Tristania - Rubicon
Tristania are not a band unaccustomed to line-up changes, but with the departure of Vibeke Stene whose unique ghostly vocals were such a vital aspect of the band’s sound, you had to worry about where they would go next. Using this opportunity to make numerous other personnel changes, most notably bringing in Kjetil Nordhus to continue the dual male/female vocal fireworks alongside Stene’s replacement Mariangela Demurtas, Rubicon sees the band galloping off in yet another direction with gusto.
Whereas Vibeke had such a fragile, ethereal voice, Mariangela has a forceful, imposing style, and the band have adjusted accordingly; the music is still defiantly gothic, and definitely heavy, but this time around there is a strident confidence as well as more than a hint of pop sensibility thrown into the mix. ‘Sirens’ has a chorus to make any music mogul green with envy with its multifarious vocal harmonies, yet they fit perfectly against the dark, brooding verses built over thick layers of distorted guitars and pounding drums.

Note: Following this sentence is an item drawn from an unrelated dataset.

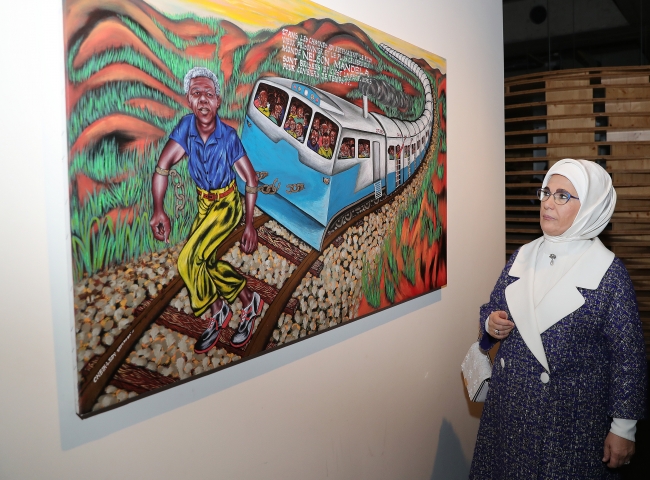 Emine Erdoğan'dan Kızılhaç-Kızılay Müzesi'ne ziyaret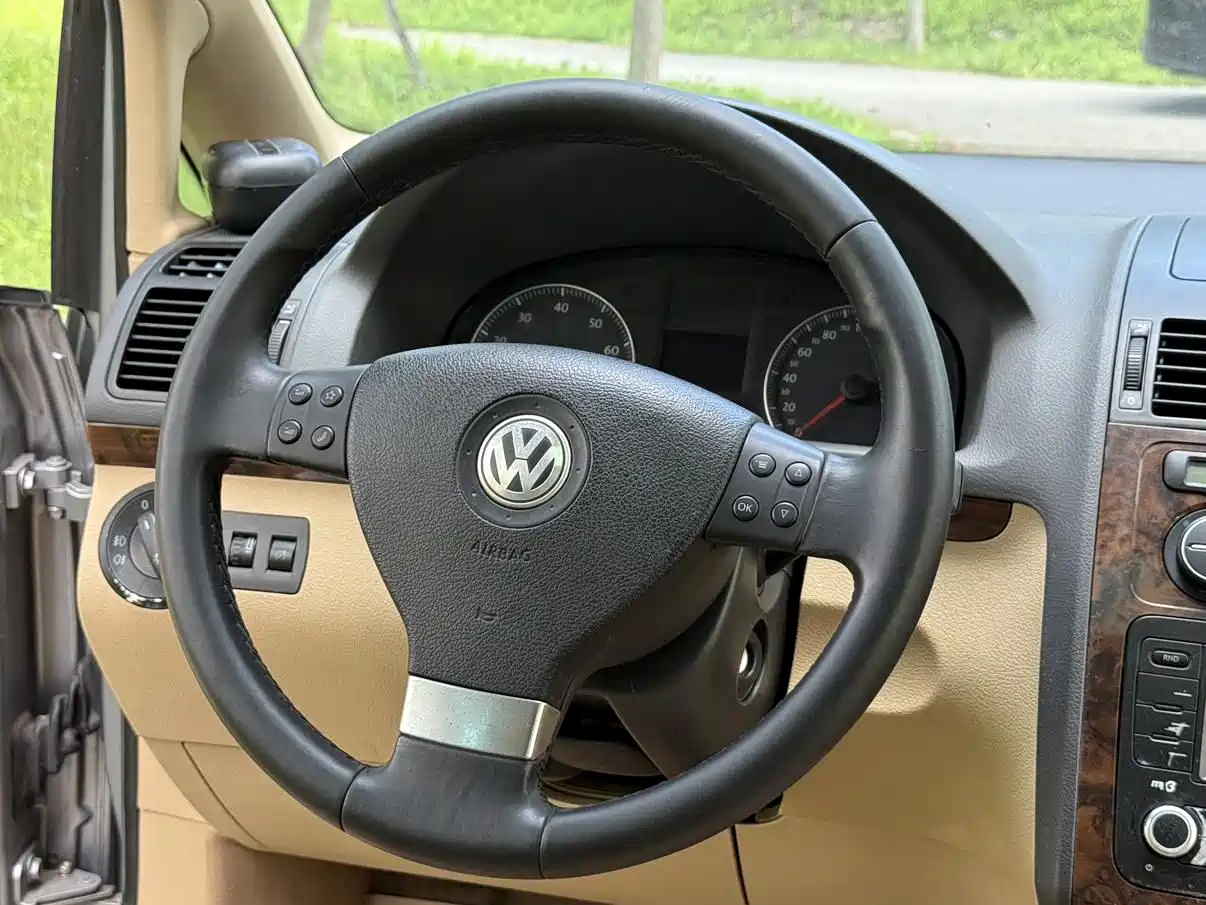 Volkswagen Touran 2008 Model 1.8T Premium Smart Edition Automatic 7-Seater фото 6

Personal highlights ‘Patriot Games’ and ‘Vultures’ emphasise the evil musings that permeate throughout Rubicon, and illustrate just how good a vocalist Nordhus really is, and how well he compliments Mariangela. Rubicon might not reach the heights of Ashes or Widow’s Weeds – the best examples from Tristania’s previous incarnations – but does indeed stand up on its own as a memorable and highly enjoyable album; and should this particular troupe manage to hang together they could indeed become yet another classic Tristania collective.